Neoclassical Hanukkah Lamp (Hanukiah)
This finely wrought Hanukkah lamp was produced by a master silversmith for a patriotic Jewish consumer.
Franz Kaltenmacher
- Moravia 1807|
This elegant Hanukkah menorah was produced in Brno, Moravia (today the Czech Republic) by master silversmith Franz Kaltenmacher. Kaltenmacher was among a handful of Austro-Hungarian silversmiths who worked almost exclusively for Jewish patrons, providing ritual silver pieces for the synagogue and home. Kaltenmacher's career illustrates the common phenomenon of Jews commissioning silver objects from Christian workshops throughout Europe as a result of Jewish exclusion from craft guilds.
The lamp’s backplate is decorated with the imperial crown of the Austro-Hungarian Empire. This proud display of loyalty to the ruling House of Hapsburg was a sign of increasing Jewish integration into mainstream society during the post-Enlightenment period. The lamp is further embellished in the then-popular Neoclassical style with urns, scrolling vegetation, and figures clad in Roman scale armor. Neoclassicism was an influential movement in 17th- and 18th-century decorative arts, inspired by major archaeological discoveries such as the excavation of Pompeii and Herculaneum, ancient Roman cities buried by the eruption of Mount Vesuvius.

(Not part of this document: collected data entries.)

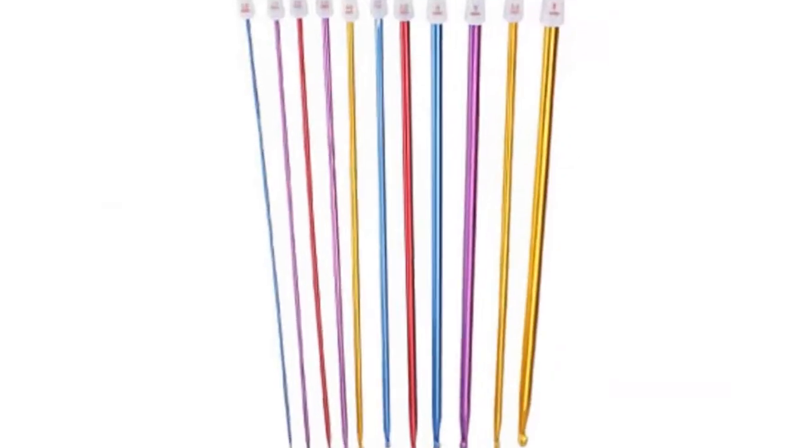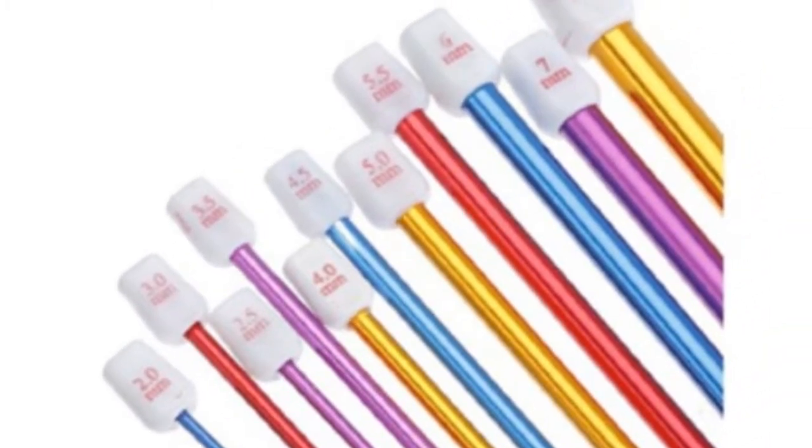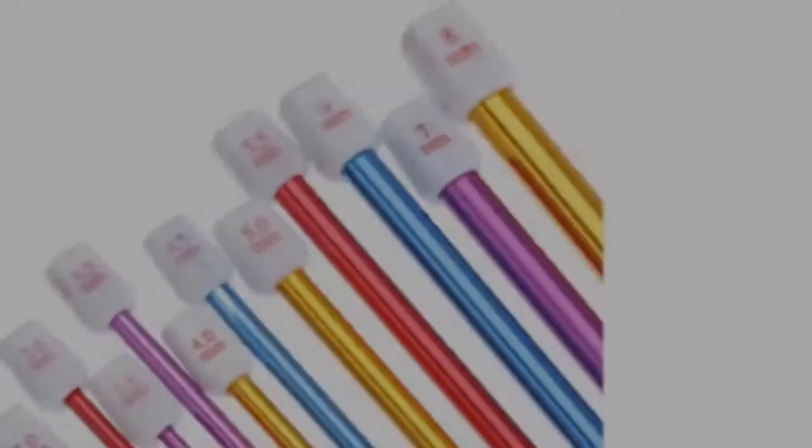Material: aluminum. Sizes: 8.0mm, 3.0mm, 4.2mm, 6.0mm, 7.5mm (2.6 inches). Due to light and screen differences, the item color may be slightly different from the pictures — please understand. Quantity: 11 pieces.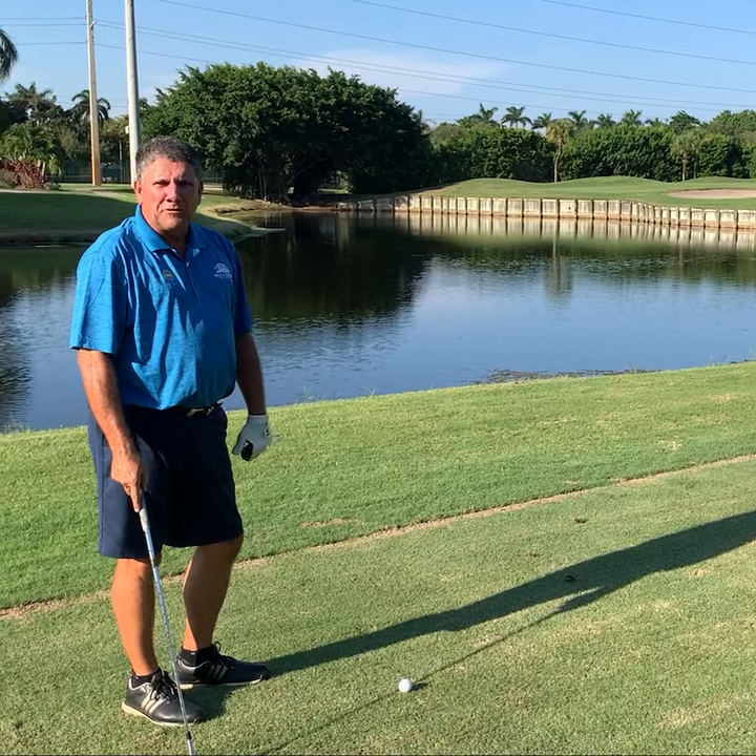Welcome to the Boca Raton Golf and Racquet Club. My name is Ken Smythe. I'm the new golf professional here.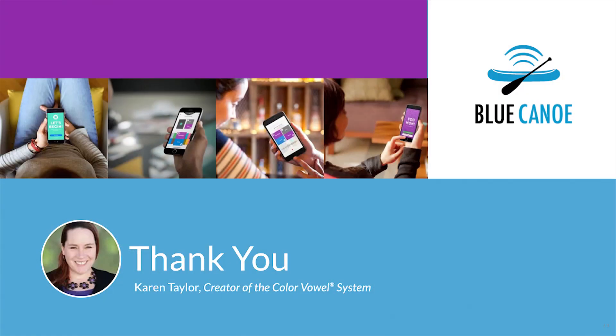This creates listener confidence, which in turn boosts your confidence. So use the open hand. Thanks for joining me for a Color Vowel Minute.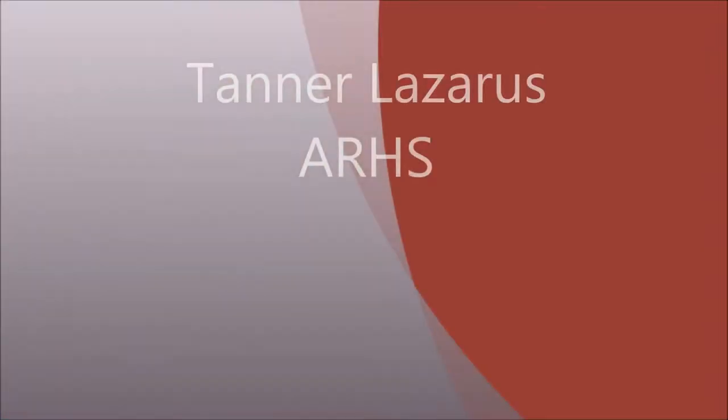Hello, I am Tanner Lazarus, a sophomore at the University of Arkansas and a biochemistry major, and I am doing my report on the J. William Fulbright statue, which is on campus at the University of Arkansas.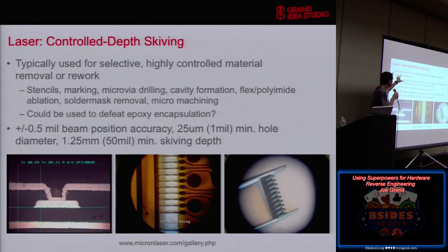I was thinking as I put this presentation together: you could probably use controlled depth skiving to remove epoxy encapsulation around parts. It's basically epoxy put over components or potted around a lot of components to prevent somebody from getting access to them. So if you had a cool laser, rather than using a milling machine or chemicals, you could just use the laser — because it's a laser.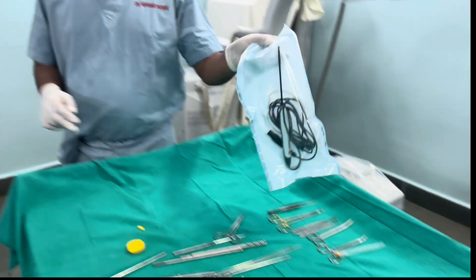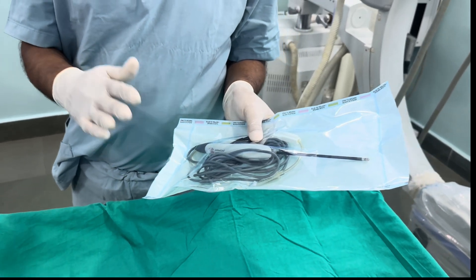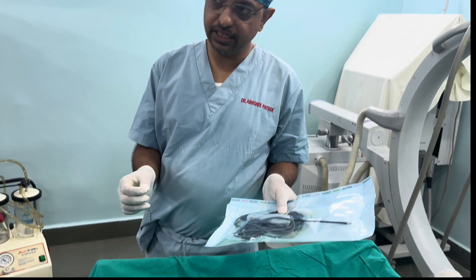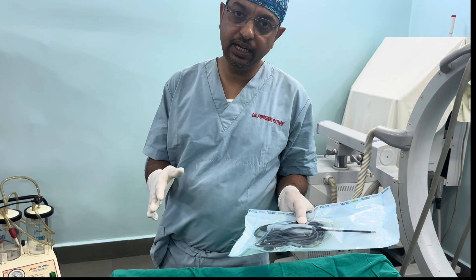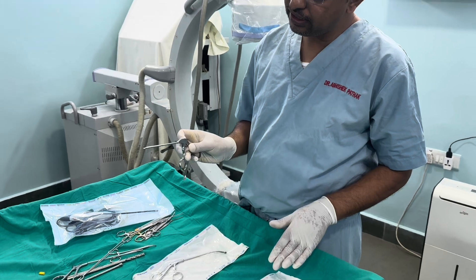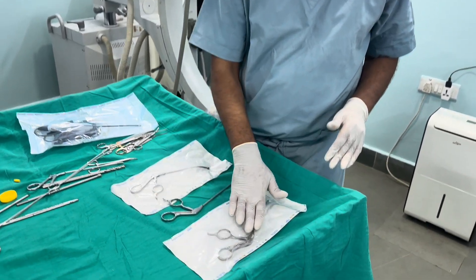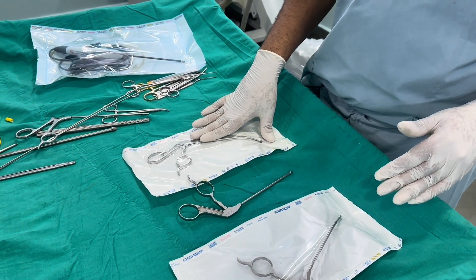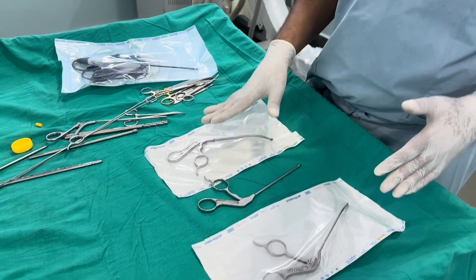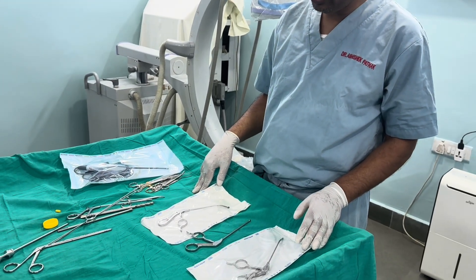The RF ablator console is connected with the probe for coagulation as well as ablation — it is a plasma generator that generates very high temperature around the probe to ablate tissue. The most commonly used punch is the straight 4.5mm punch. We also have right and left punches used for the right and left corners, especially for posterior horn meniscal tears.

Name: | Neoclassical Hanukkah Lamp (Hanukiah) |
Artist: | Franz Kaltenmacher |
Location: | |
Origin: | Moravia, 1807 |
Medium: | Silver |
Dimensions: | 9 7/16 x 10 1/4 in. |
Credit: | Gift of Georgette Grosz Spertus from the Maurice Spertus Collection |
Catalog Number: | 68.1.42 |
Susan Braunstein (New York: Jewish Museum, 2004)
Julian Morgenstern (Offprint from Hebrew Union College Annual, v. 21, 1948)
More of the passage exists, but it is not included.